Gli attriti

Abbiamo spesso ribadito in questo sito, che è bene far revisionare periodicamente l'orologio per non incappare in spiacevoli rotture dei componenti.
La loro sostituzione infatti, può comportare una spesa piuttosto elevata, se non addirittura l'abbandono dell'intero orologio, a causa dell'irreperibilità del pezzo stesso.

Le rotture (oltre che da colpi, infiltrazioni d'acqua, ecc.) sono causate soprattutto dall'usura del meccanismo.

Ma come fa ad usurarsi?
Come in tutti i congegni meccanici sono presenti degli attriti.

Gli attriti sono delle forze (o resistenze) che ostacolano il movimento di due superfici a contatto provocando una dissipazione d'energia.

L'attrito è dovuto al coefficiente d'attrito e dal carico: il coefficiente d'attrito è la difficoltà che trovano i materiali a scivolare l'uno sull'altro, mentre il carico è la forza verticale che viene applicata.

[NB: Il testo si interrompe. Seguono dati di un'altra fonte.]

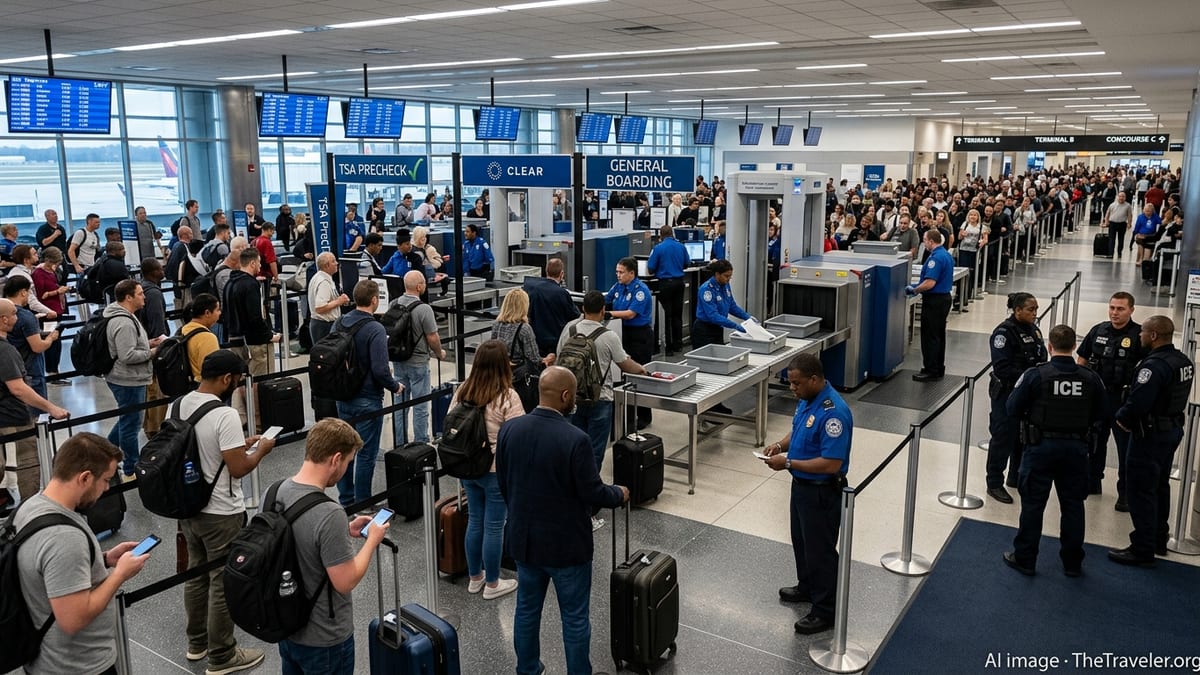 Crowded U.S. airport security line with TSA staff and ICE agents visible near checkpoints.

I più scettici contesteranno che in oggetti piccoli come gli orologi non ci possono essere resistenze da provocare una simile usura.
Al contrario di quanto si può pensare, esistono invece, attriti anche piuttosto logoranti.

È vero che i metalli con cui sono costruiti gli orologi sono i meno sensibili all'invecchiamento naturale, ma si possono consumare comunque durante l'utilizzo.

Per quanto potranno essere rifinite le superfici, non saranno mai perfettamente lisce, ma saranno sempre un po' rugose.
Proprio questa rugosità provoca i noiosi attriti, anche se solo una piccolissima parte delle superfici è veramente in contatto.
Si pensi, che la meccanica orologiera è quella che produce le superfici più lisce, ma nonostante ciò non si supera quasi mai 1/10.000 di contatto effettivo.

Vi è poi un altro fattore da considerare: l'aria.
Questa essendo composta da vari gas può modificare la struttura molecolare delle superfici a contatto (l'esempio più lampante è la ruggine).
In più ci sono le polveri atmosferiche, le quali sono molto abrasive.

Detto ciò, che cosa possiamo fare per ridurre gli attriti e quindi l'usura?
Come spiegato all'inizio, la nostra unica arma di difesa sono le revisioni periodiche.

Durante una revisione si smonta la meccanica per pulirla dagli agenti esterni e predisporla, quindi, alla lubrificazione; proprio l'aggiunta dell'olio (nei punti opportuni) fa diminuire il coefficiente d'attrito, con tutti i vantaggi che ne derivano.